Work instructions — Copy out the lines beginning with the one that contains "什么软件可以还贷款有哪些靠谱的呢？哪些软件能还贷款且利息低呢？" and ending with the last line below, exactly as they stand. Pictures are not copied.

Records supplied —
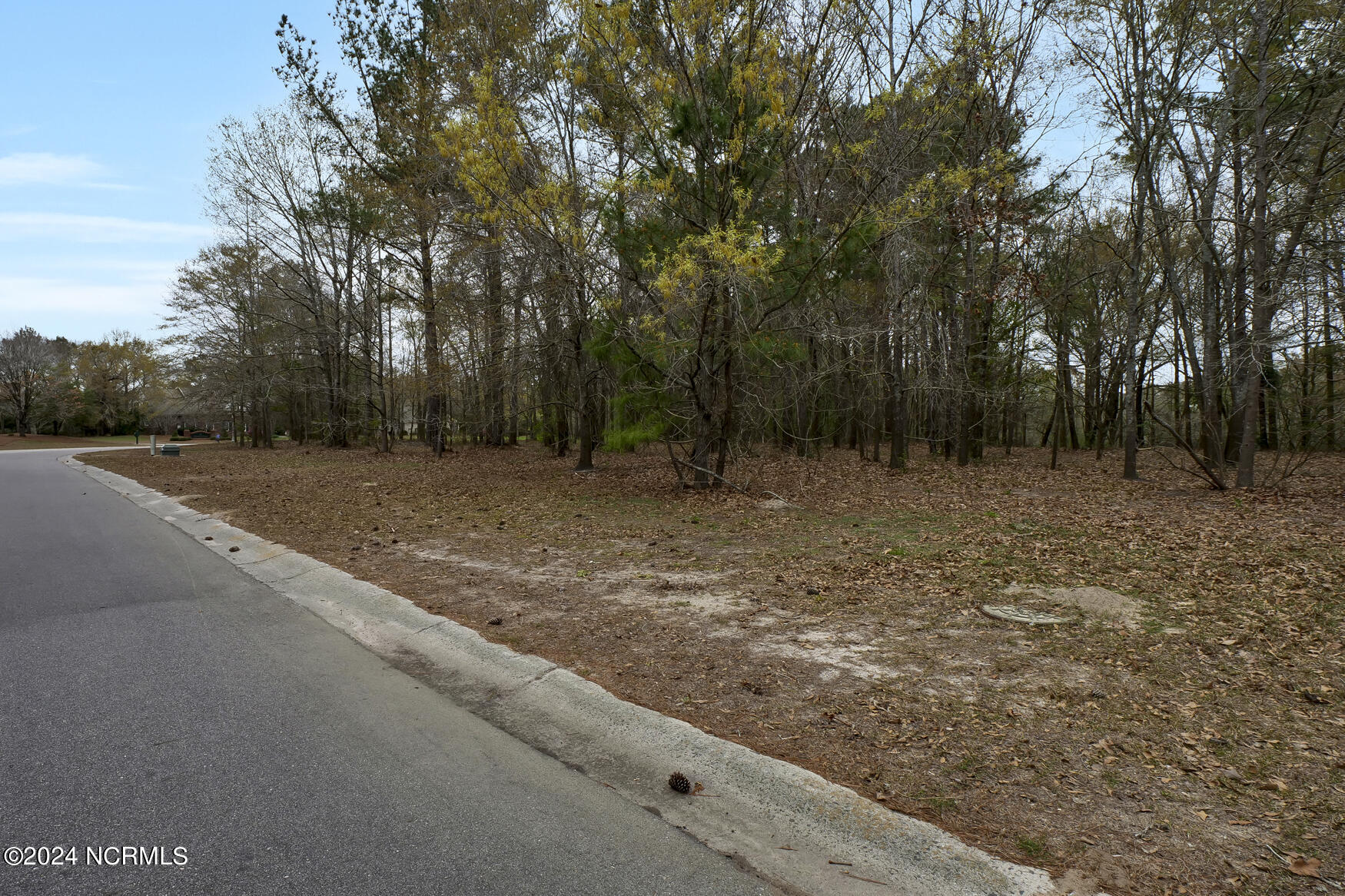 153 River Woods Drive Property Photo 10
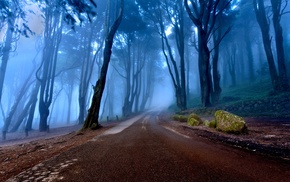 trees, forest, road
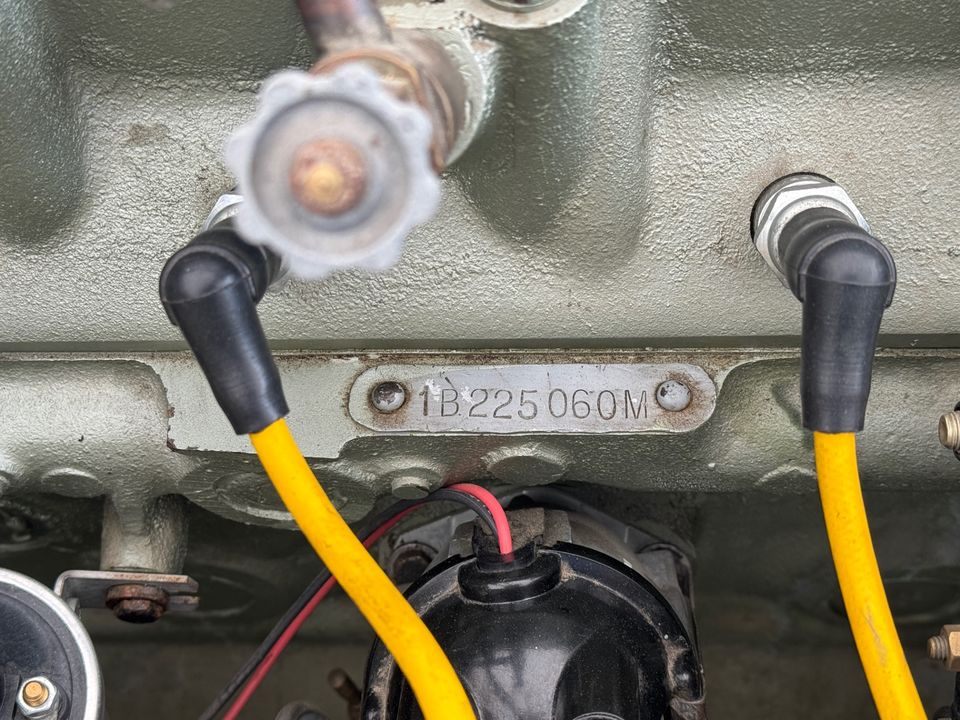 1955 AUSTIN HEALEY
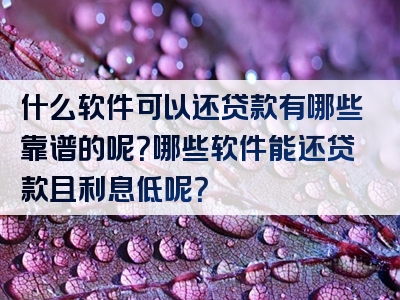 什么软件可以还贷款有哪些靠谱的呢？哪些软件能还贷款且利息低呢？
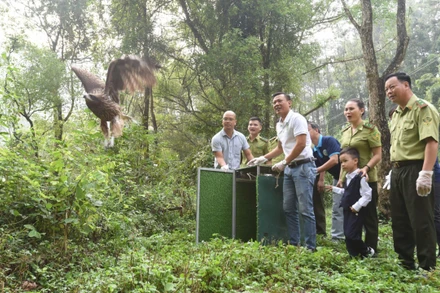 Vườn Quốc gia Tam Đảo đã phối hợp với Trung tâm Cứu hộ Động vật Hoang dã Hà Nội tổ chức tái thả một số loài chim hoang dã tại địa phận vườn quốc gia. (Ảnh: VGQ Tam Đảo)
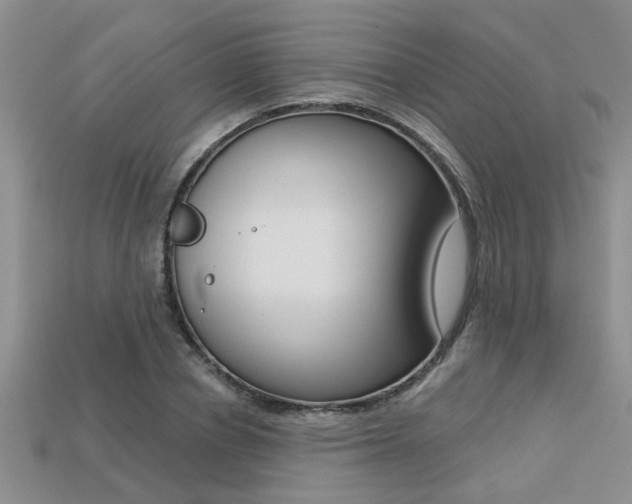 X0000113270834200909101309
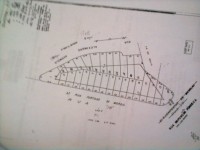 /album/conquistas1/foto1244-jpg/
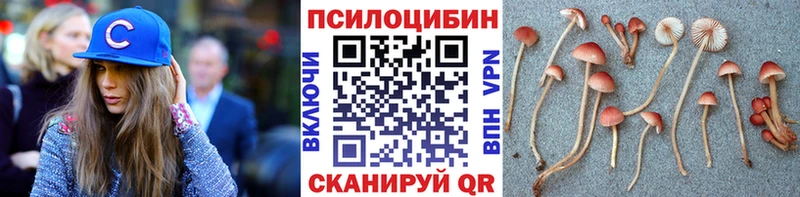 Галлюциногенные грибы Psilocybine cubensis  Краснообск 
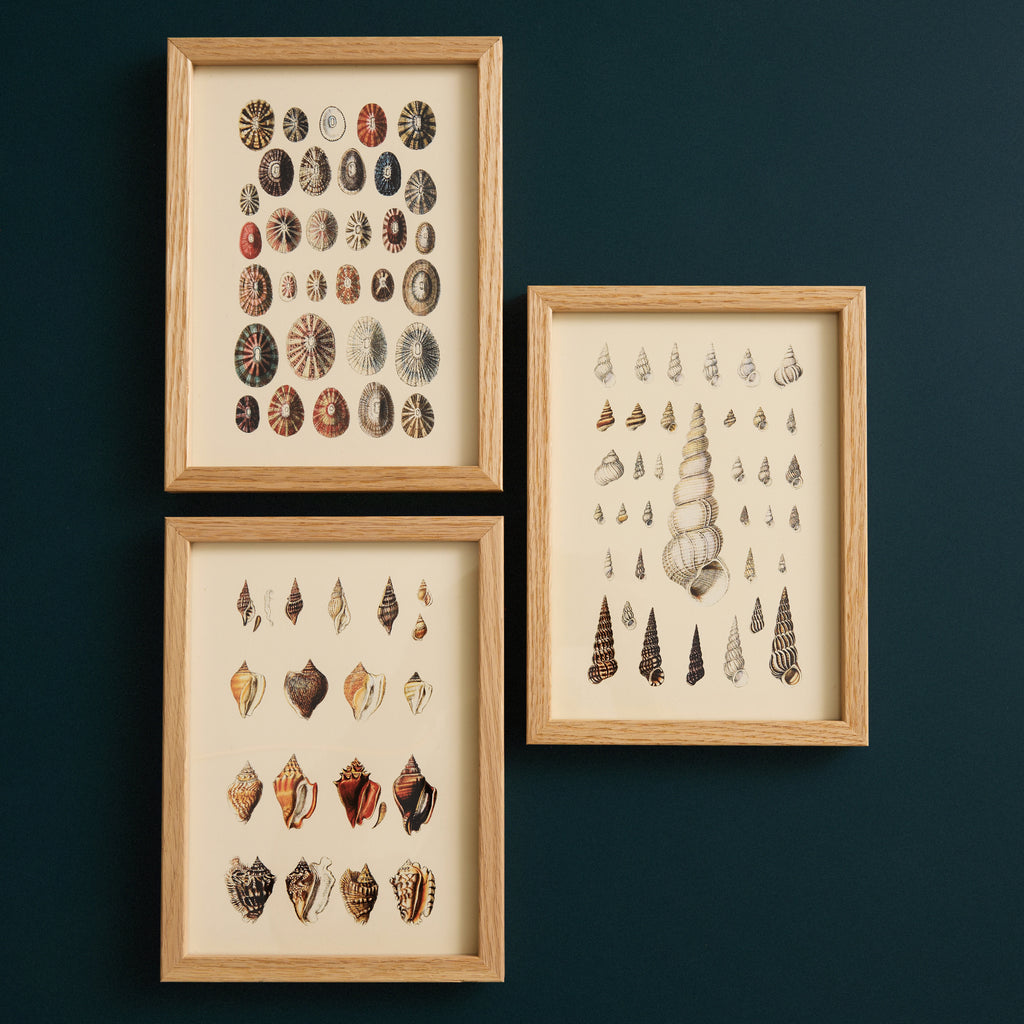 Affiche encadrée Coquillage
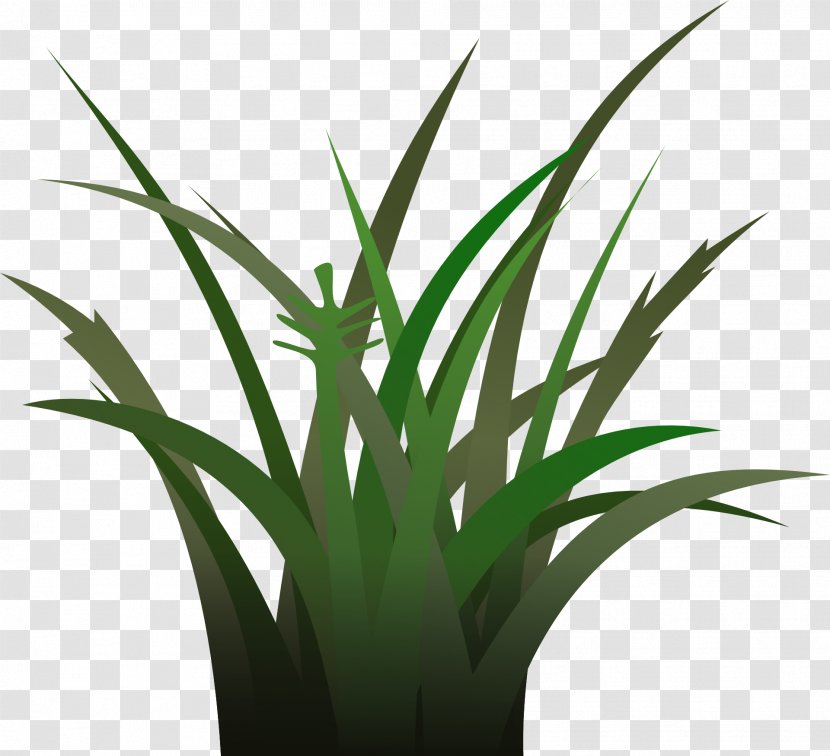 Clip Art - Plant - Green Transparent PNG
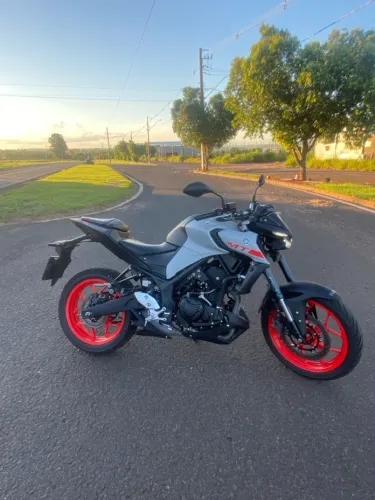 Mt03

Solution —
 什么软件可以还贷款有哪些靠谱的呢？哪些软件能还贷款且利息低呢？
 Vườn Quốc gia Tam Đảo đã phối hợp với Trung tâm Cứu hộ Động vật Hoang dã Hà Nội tổ chức tái thả một số loài chim hoang dã tại địa phận vườn quốc gia. (Ảnh: VGQ Tam Đảo)
 X0000113270834200909101309
 /album/conquistas1/foto1244-jpg/
 Галлюциногенные грибы Psilocybine cubensis  Краснообск 
 Affiche encadrée Coquillage
 Clip Art - Plant - Green Transparent PNG
 Mt03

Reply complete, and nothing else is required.